3/ politique/cosmopolitique : interroger les conditions à partir desquelles quelque chose comme un monde partagé, sapant toute « géographie du deuil et de la souffrance » (Crépon), est pensable.
4/ disciplinaire : s’attacher aux productions de l’africana philosophy - notamment aux œuvres de Senghor, Boulaga et Ela - ayant précisément pour objet la reprise d’une pensée politique centrée sur le concept d’universel, intégrant à la fois la critique théorique de l’universalisme et les expériences de cruauté et de violence propres à l’Afrique coloniale et postcoloniale.

Tester la pertinence d’une telle reprise consistera ainsi à savoir si un universalisme concret et non plus abstrait apparaît concevable en sa vérité ou si le fait même d’envisager une telle reprise ne souligne pas, plutôt, la persistance hégémonique d’un discours de l’universalisme usé dont il faudrait définitivement se défaire.
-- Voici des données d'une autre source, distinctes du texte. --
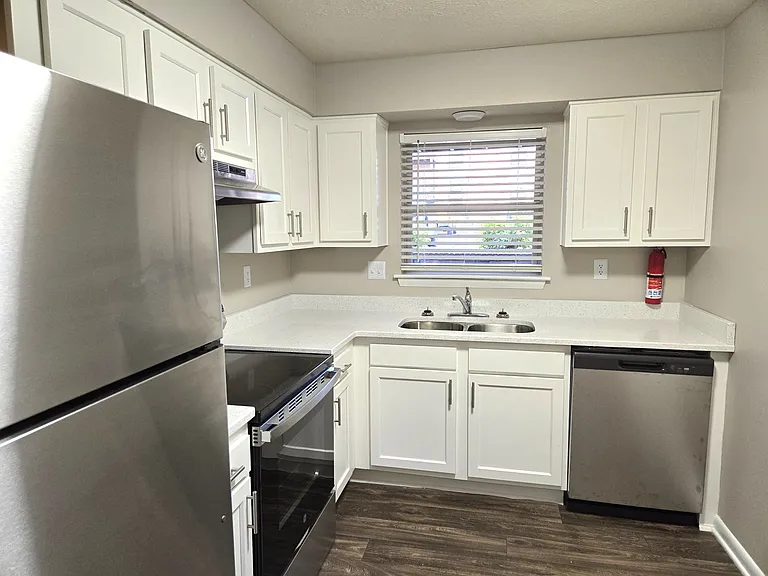 102 Saint Francis Ct #14 — Photo 2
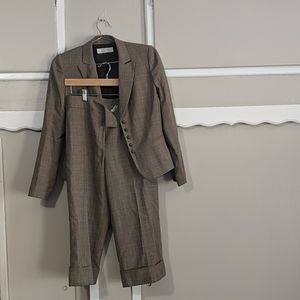 Tahari Arthur Levine Grey Tweed Pantsuit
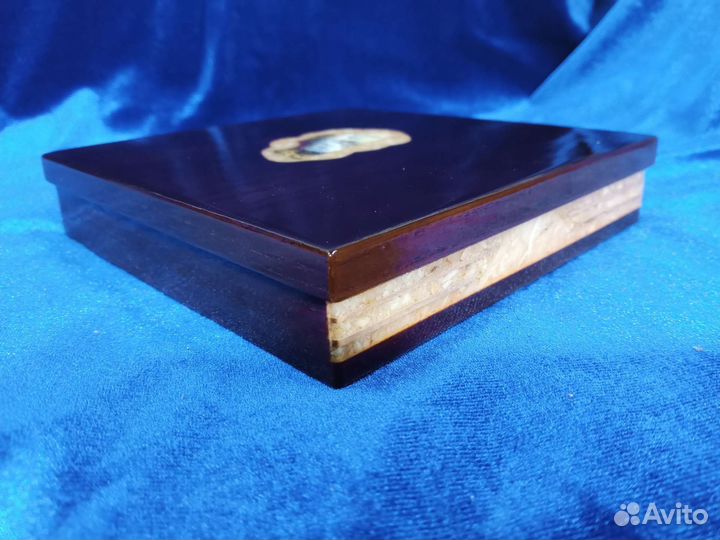 Фишки для нард янтарные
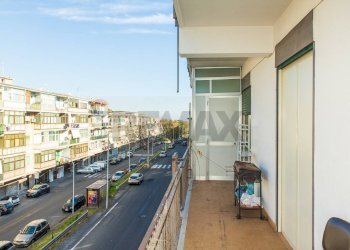 Balcone - Trilocale Via Salvatore Salomone Marino
 
118, Catania - foto 14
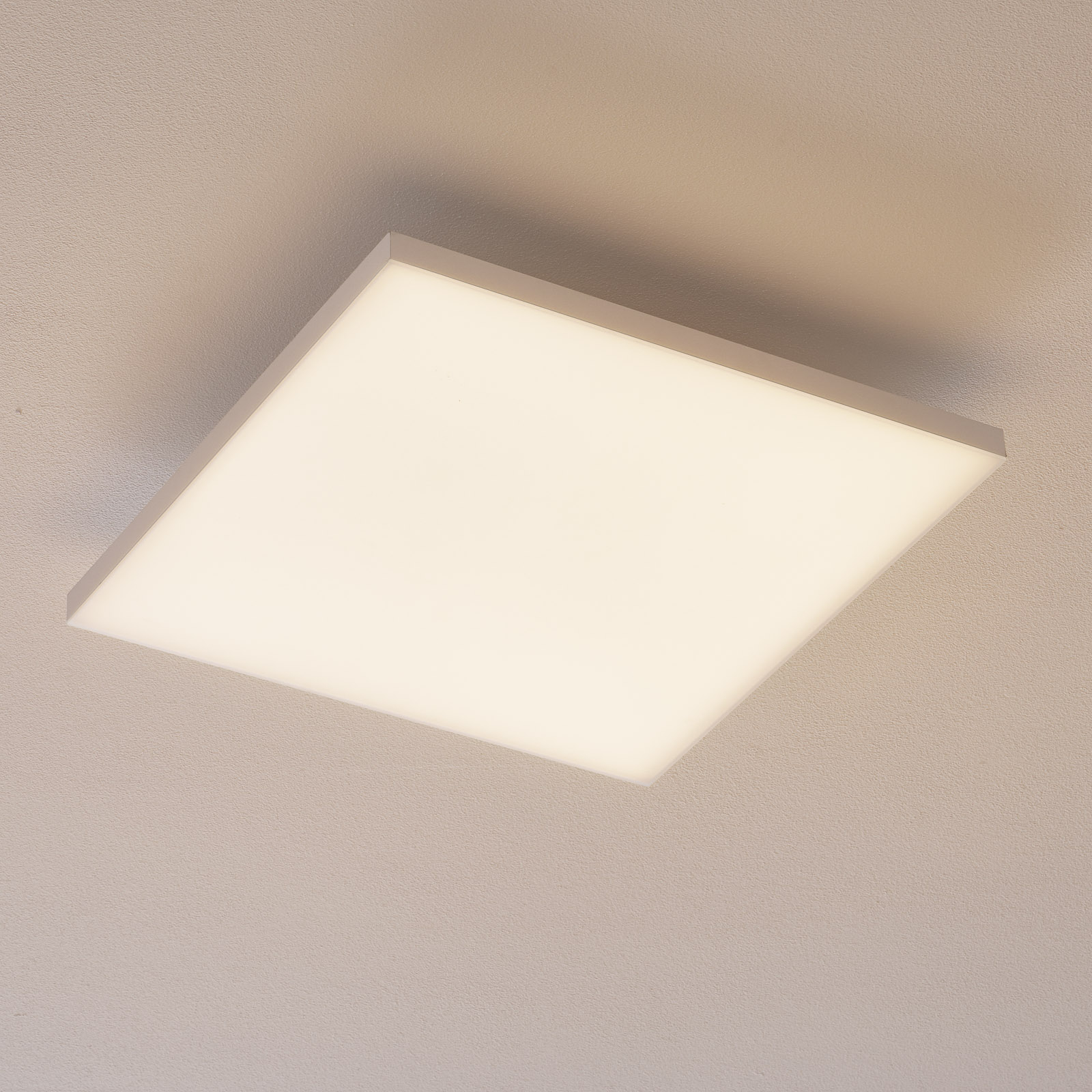 Paul Neuhaus Q-FRAMELESS taklampa RGBW 45 x 45 cm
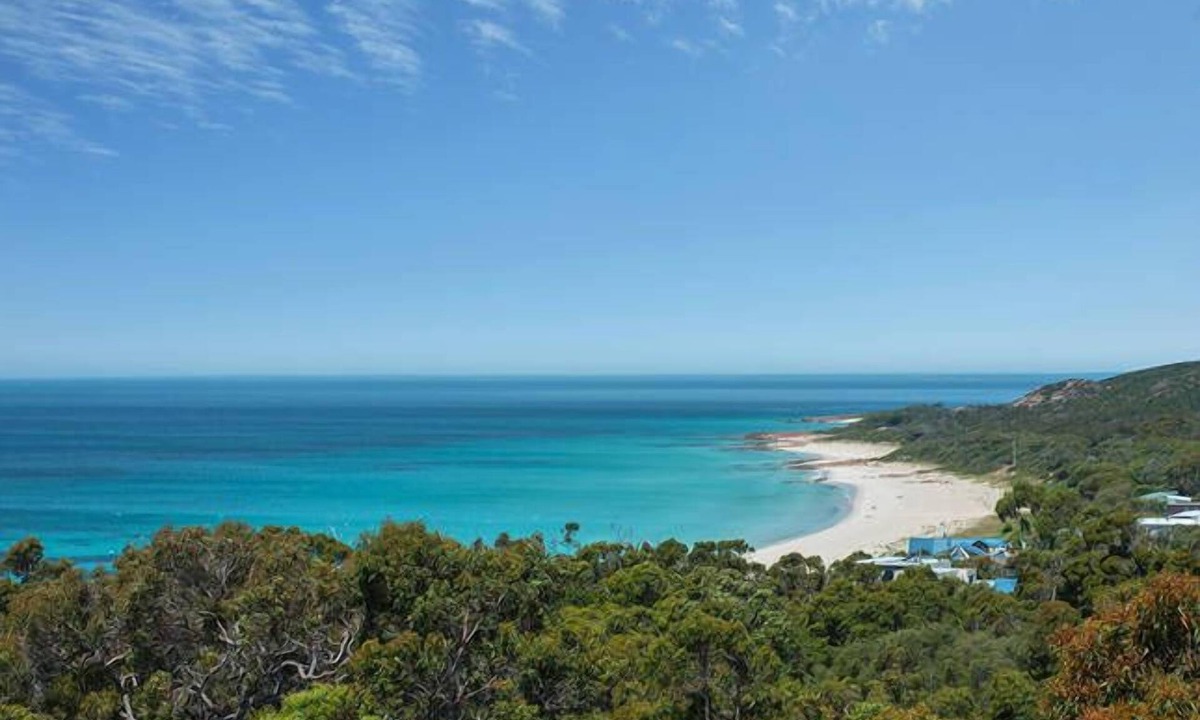Eagle Bay House | Serenity at Eagle Bay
D’un point de vue méthodologique, ce questionnement s’effectuera à l’intersection de la philosophie éthique et politique, de l’histoire et de la philosophie de la religion. Il invitera certes, à analyser les pensées de Boulaga, Ela et Senghor, mais à l’intérieur d’une cartographie des reprises et des critiques du discours de l’universalisme à partir de l’émergence de la théorie critique, des approches postmodernes, et du développement des studies (subaltern, postcolonia et african studies) aux XXe et XXIe siècles.